BluRay is slowly building to being a moot point anyway. Digital downloads and movie files playing from media center hard drives are gaining momentum.
Chienworks wrote on 1/1/2009, 9:17 AM
Wal*Mart strikes again. I was browsing the titles over the weekend and saw a surprising number of new BluRay releases on the shelf priced from $24.95 down to $13.95. Some of them were recent hits too, not just a collection of oldies. Most of them included an SD DVD version as well.

'course, that still doesn't mean i'm ready to go spend a thousand or more on an HD TV and BluRay player.
Patryk Rebisz wrote on 1/1/2009, 11:07 AM
I agree with the host, sometimes the way they design the DVD where you can's skip the logo of the maker, or the copyright protection text (even though you saw the same text since VHS tapes came out) -- those thing are a true insult to our intelligence.
Chienworks wrote on 1/1/2009, 11:58 AM
Disney was way worse for a long time with their previews. I've got some Disney VHS with 20 minutes of previews before the movie starts. Some of the DVDs have over a dozen previews. With VHS at least you could fast forward over them (in some cases i opened the cassette and cut out that part of the tape).

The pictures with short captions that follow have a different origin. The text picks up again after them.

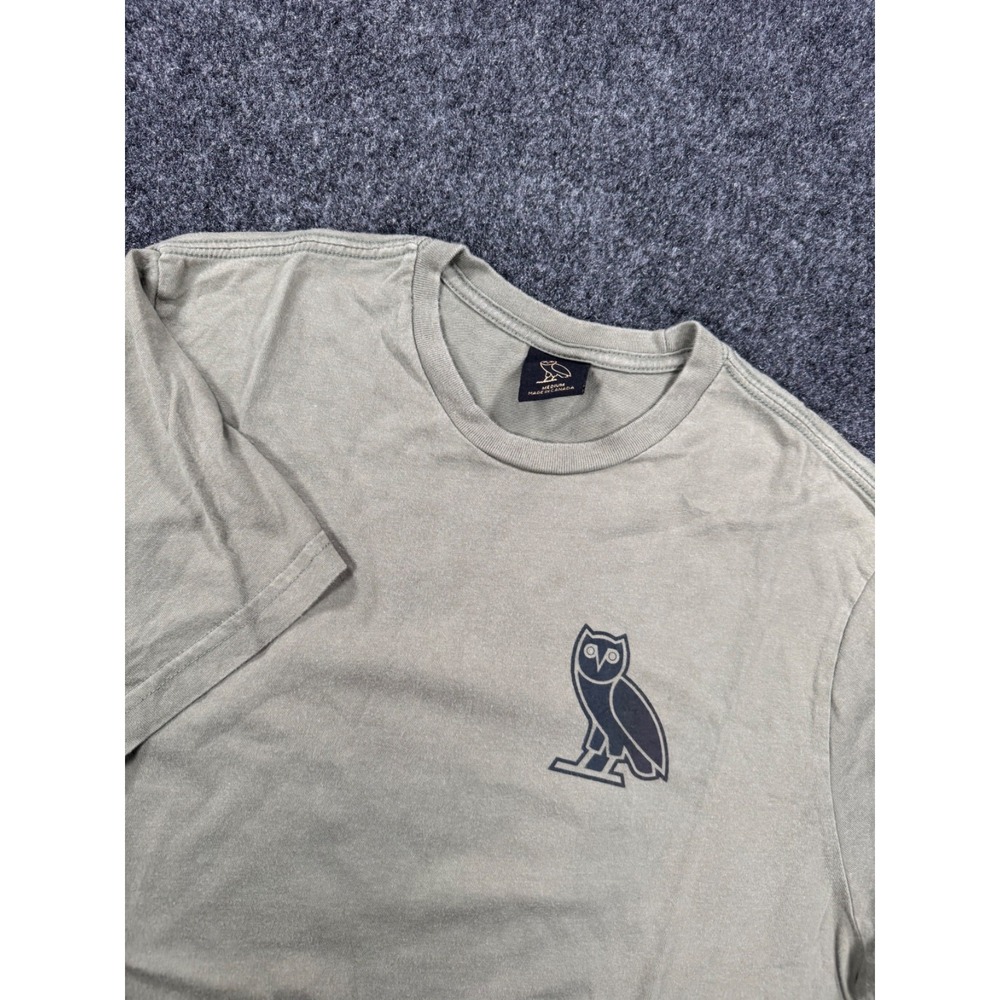 OVO October's Very Own Owl Logo T-Shirt Men's Medium Gray Drake Canada
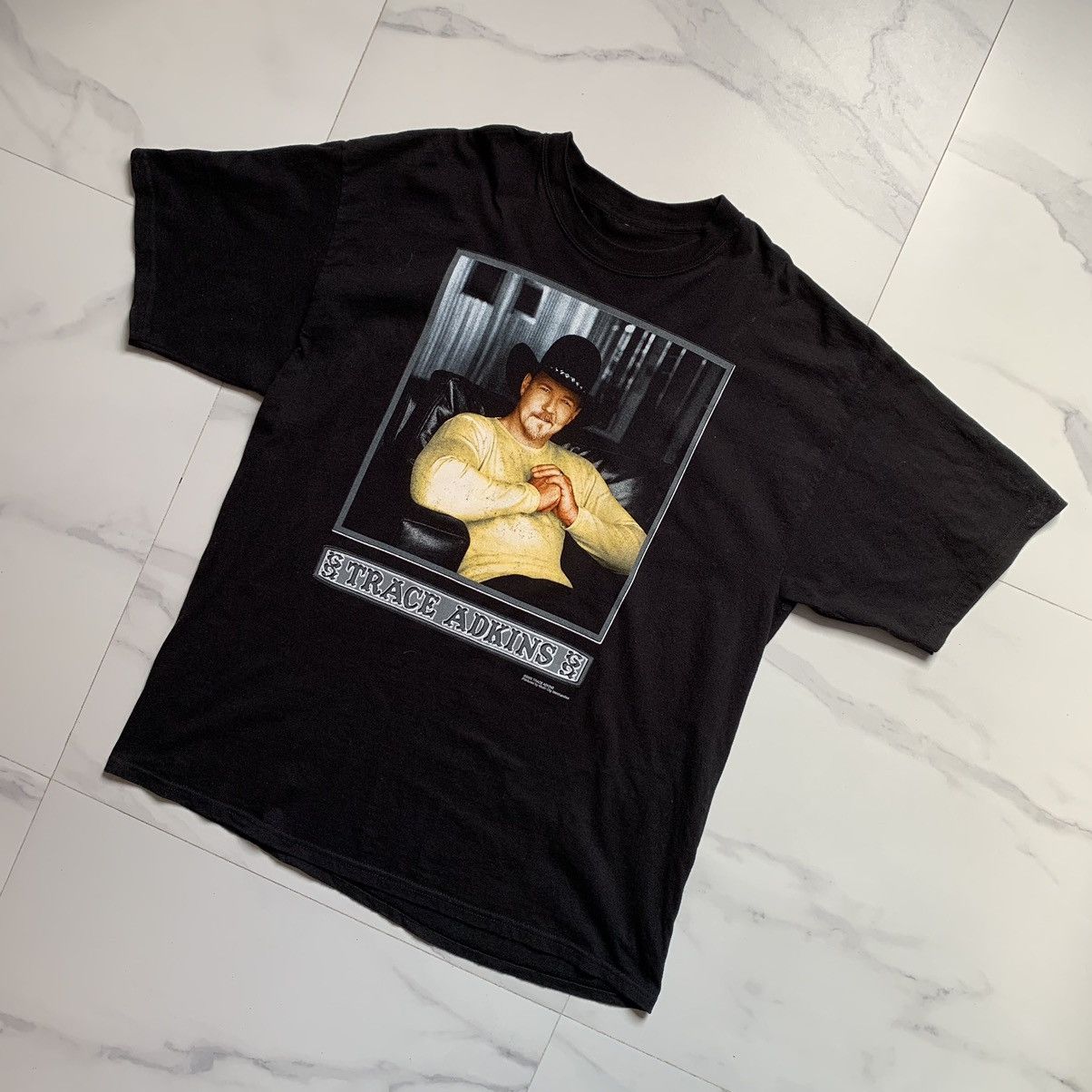 Band Tees × Vintage × Western Rise Vintage 2003 Trace Adkins Tour T-Shirt Size US XXL / EU 58 / 5 - 4 Thumbnail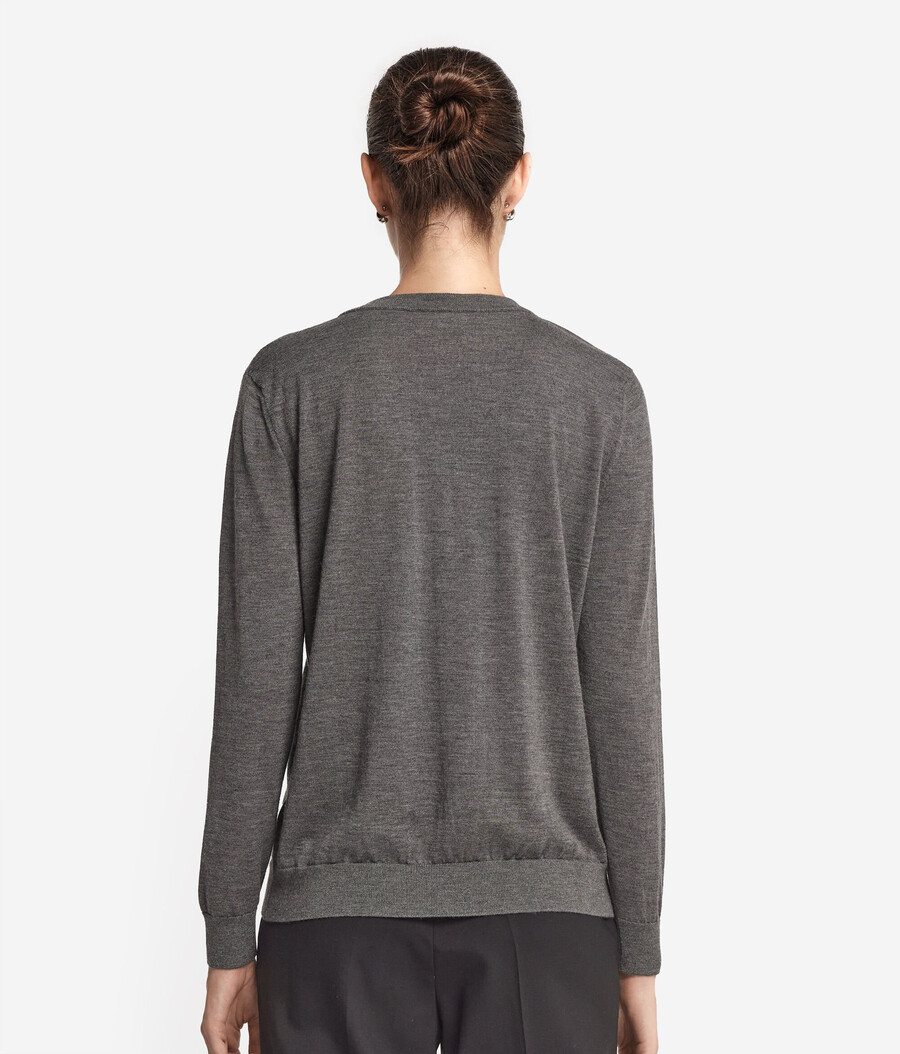 maglione girocollo in cashmere ultrafine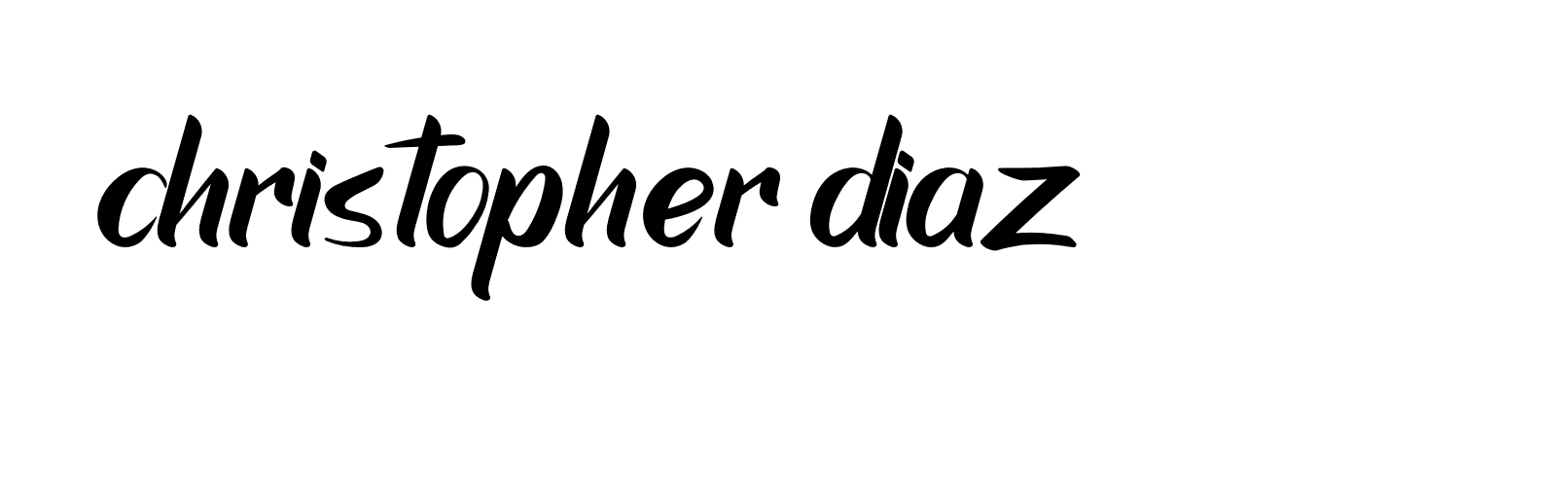 Signature of christopher-diaz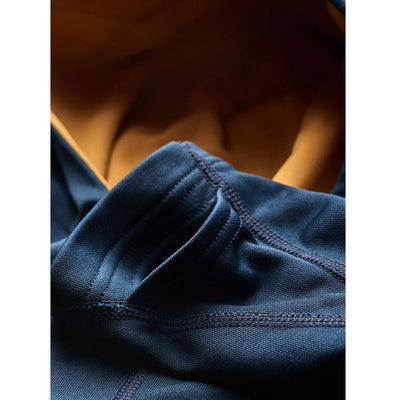 YMR Track Club Åsunden Ladies Hoodie Navy Mustard-Runster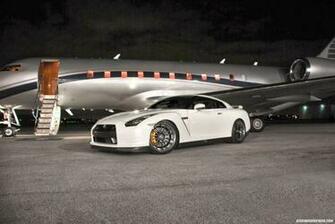Nissan Skyline Gtr White Coupe Car HD Desktop Wallpaper From
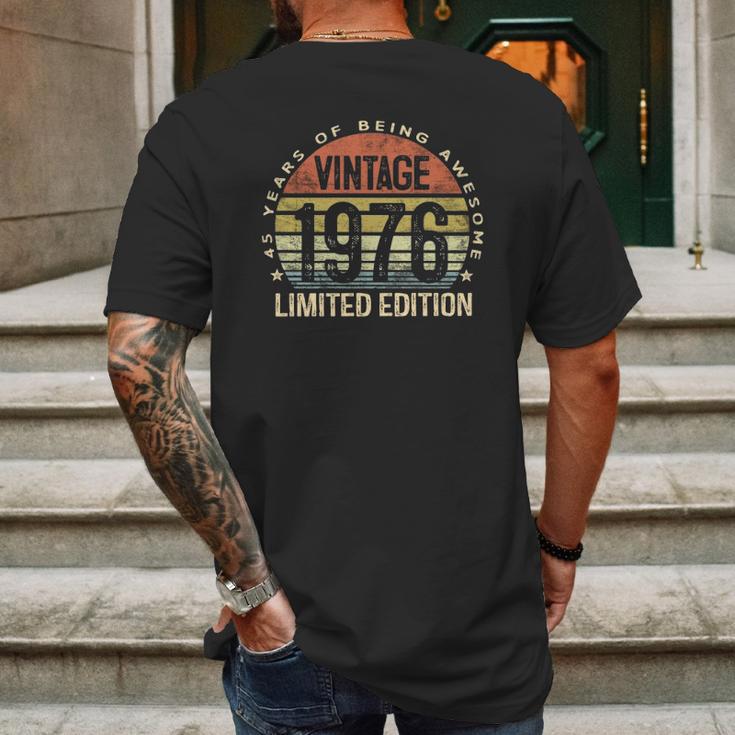 45 Years Old Gifts Vintage 1976 Limited Edition 45Th Birthday Mens Back Print T-shirt Gifts for Men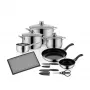 WMF Diadem Plus 10-delige pannenset, zilver 3201001275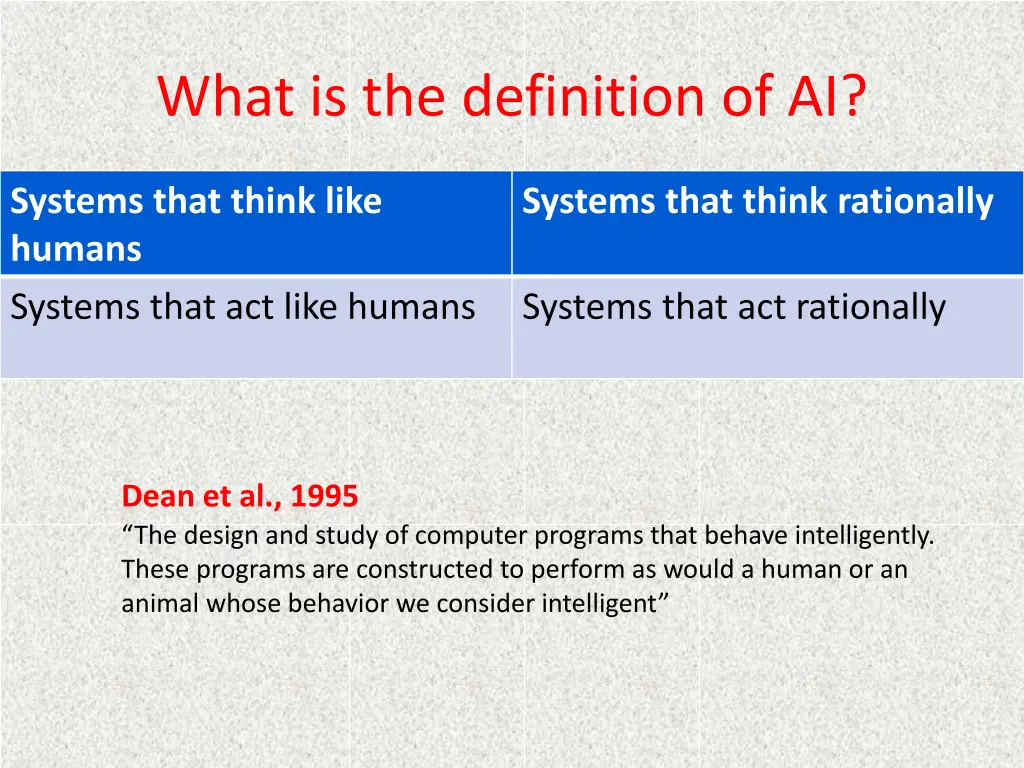 what is the definition of ai 4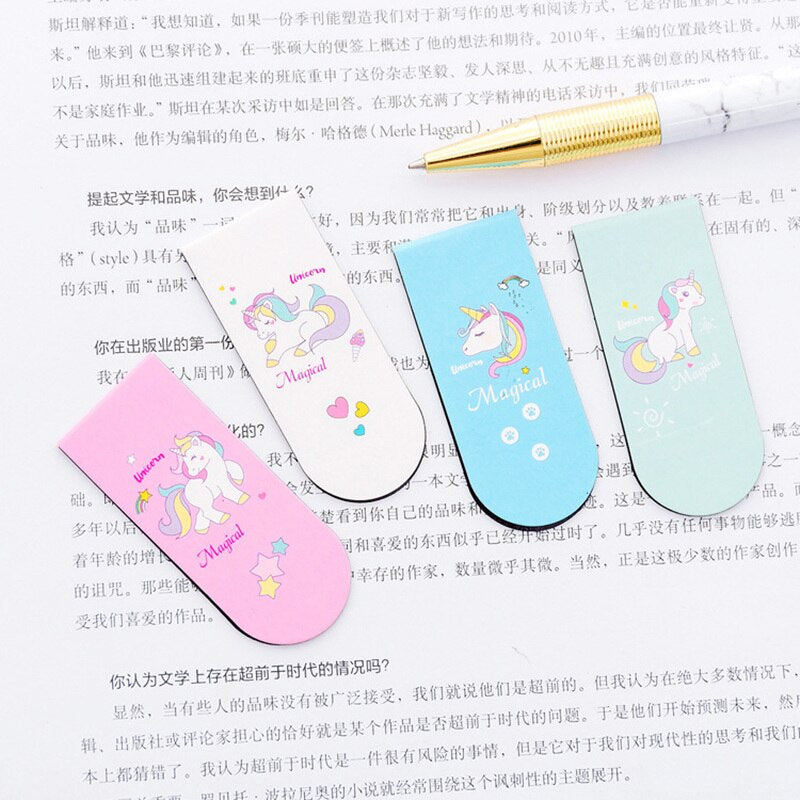 Unicorn Magnetic Page Markers Set of 4 by HitMyNeed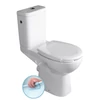 Kép 1/7 - Sapho ETIUDA WC mozgáskorlátozottaknak, CLEAN ON, hátsó kifolyású, RIMLESS, 45,5cm (K11-0221)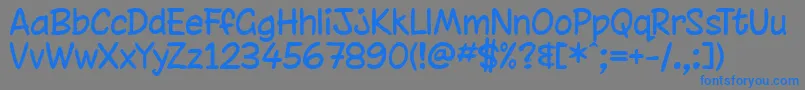 Chinrg Font – Blue Fonts on Gray Background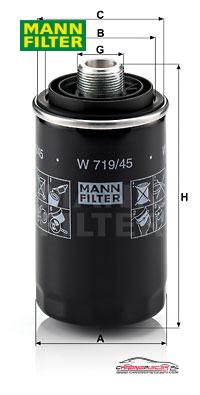 Achat de MANN-FILTER W 719/45 Filtre à huile pas chères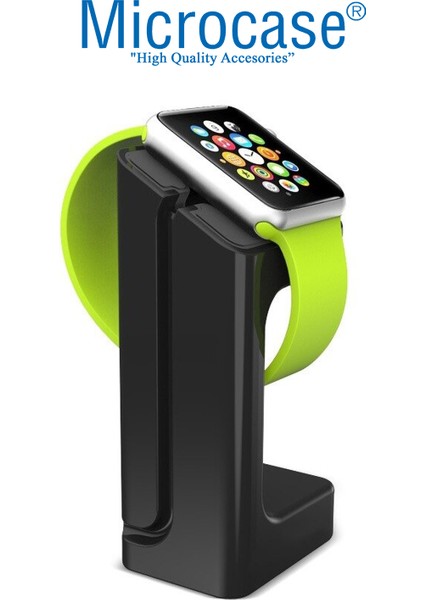 Apple Watch Series 10 42MM / 46 mm Için Masaüstü Şarj Standı Dock - AL3074 Siyah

With a lot of the DVDs you can't fast forward, or you can only skip them individually, and the 'disc menu' button is inactive until you've gone through all of them.

And i sit there thinking ... these movies are for kids!!! And what kids have that kind of patience to wade through all that to get to the movie?

Fortunately they've wised up some and newer releases aren't quite so annoying.
Porpoise1954 wrote on 1/1/2009, 3:31 PM
Never seen "Clockwork Orange"? The advertisers WANT us to be FORCE-FED ads.
blink3times wrote on 1/1/2009, 3:54 PM
"Some of the DVDs have over a dozen previews. With VHS at least you could fast forward over them "
You can still do it with DVD. They may have locked out the forward skip button... but not th FF button. (at least for the previews)
Chienworks wrote on 1/1/2009, 6:59 PM
I played one just last night that had the forward skip and fast forward buttons locked. Couldn't do anything until the preliminaries had run their course. Fortunately on this disc it was only about 40 seconds' worth but it was still very annoying.

I think DVD players need a button that simply jumps to the start of the movie, no matter what else is on the disc. I'd pay big money for that.
cokecan25 wrote on 1/2/2009, 11:58 PM
Isn't it funny since HDDVD bought the farm that BR players have dropped in price but the movies have actually gone up?

Even Netflix had to add a 1 buck a month BR fee, which as petty as it sounds, probably helps them recoup some lost revenue of the studios bringing up BR to what it actually costs to produce VS undercutting Toshiba to win a war..

And copy protection will always be broken, always. When will they learn? Make it hard, put resources into it, but don't piss off your core peeps. They don't like it.